------ LISTED ENTRIES ------
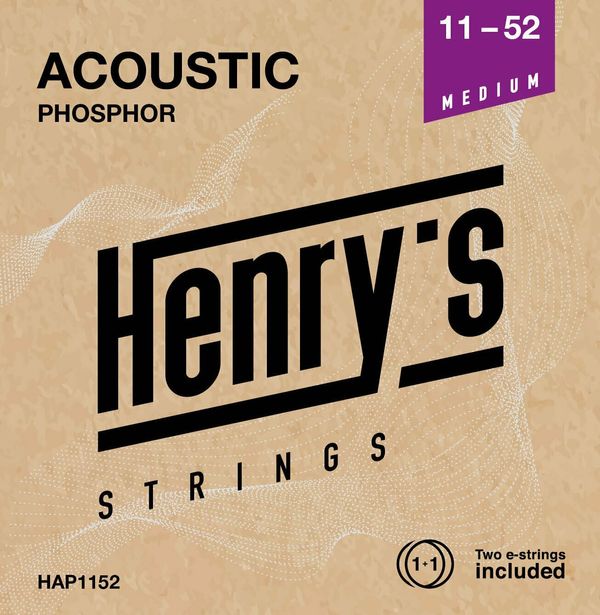 Henry's Henry's Phosphor 11-52 Strune za akustično kitaro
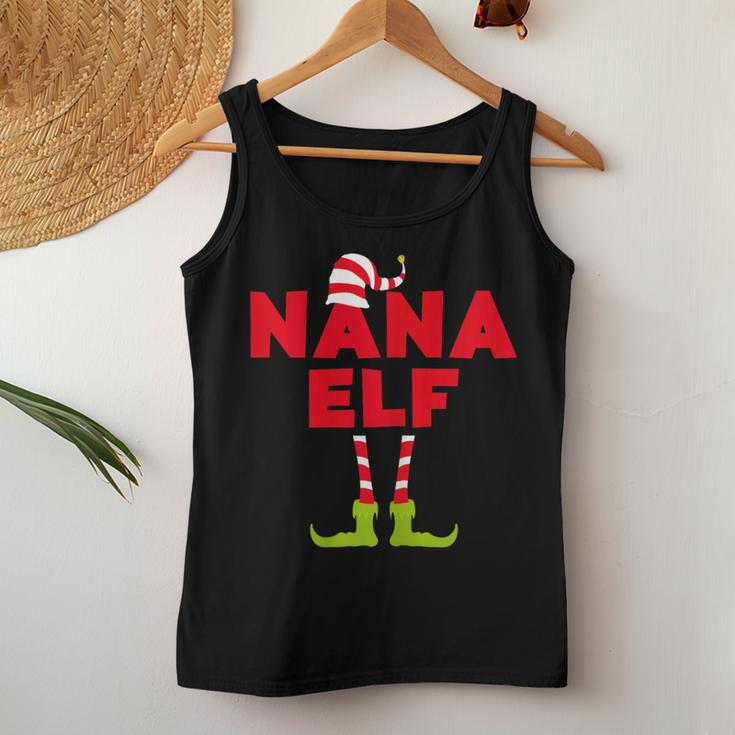 Nana Elf Matching Christmas Costume Women Tank Top Personalized Gifts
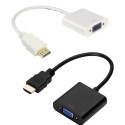 HDMI į VGA keitiklis adapteris su USB audio laidu (baltas)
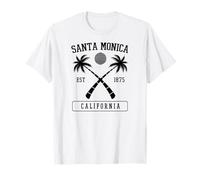Santa Monica California gegründet 1875 Retro Palme T-Shirt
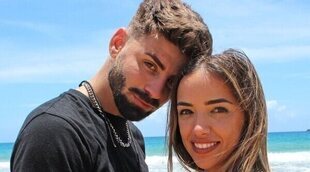 Lucía Sánchez e Isaac Torres de 'La isla de las tentaciones 3' posan por primera vez juntos con su hija Mía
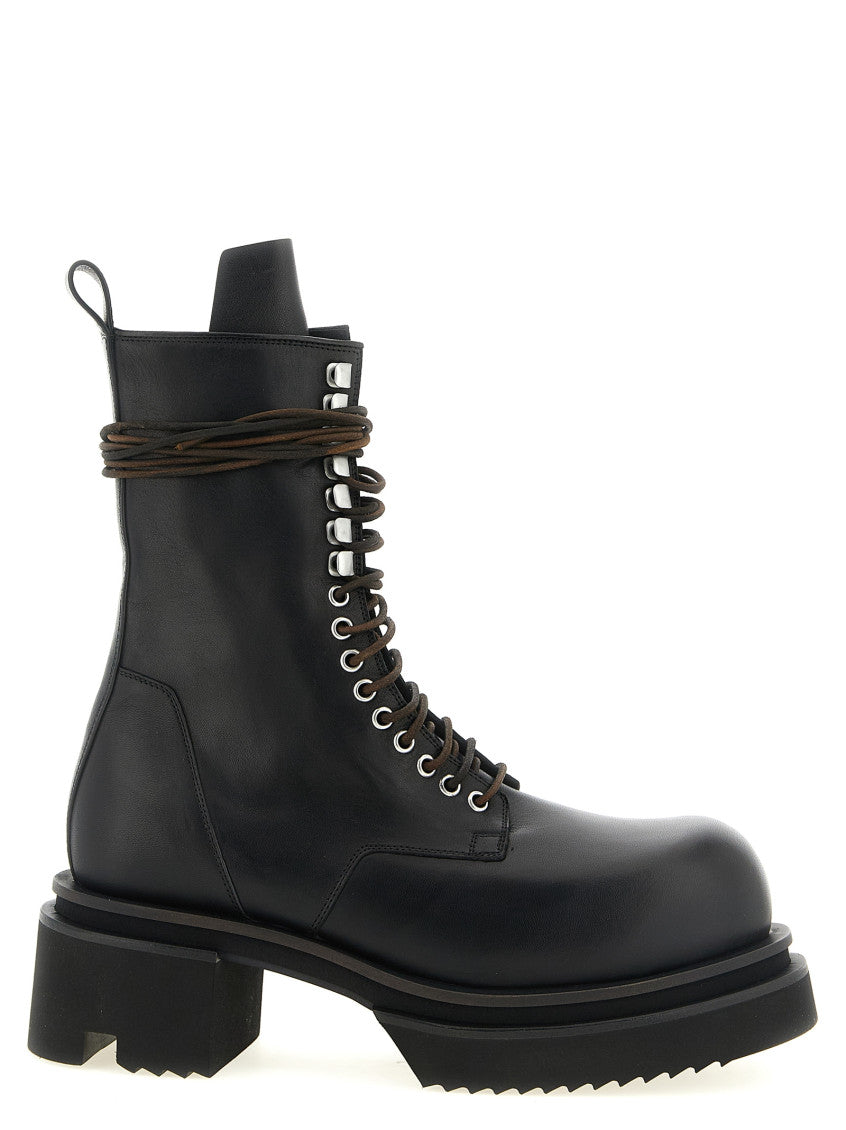 Black Lace-Up Bogun Boots 1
------
WORK REQUEST - Using the records above, copy exactly and only the lines from the line with "Nana Elf Matching" through the end, both included; leave every picture out.

ANSWER FOR THE TASK -
 Nana Elf Matching Christmas Costume Women Tank Top Personalized Gifts
 HDMI į VGA keitiklis adapteris su USB audio laidu (baltas)
Santa Monica California gegründet 1875 Retro Palme T-Shirt
 Lucía Sánchez e Isaac Torres de 'La isla de las tentaciones 3' posan por primera vez juntos con su hija Mía
 Black Lace-Up Bogun Boots 1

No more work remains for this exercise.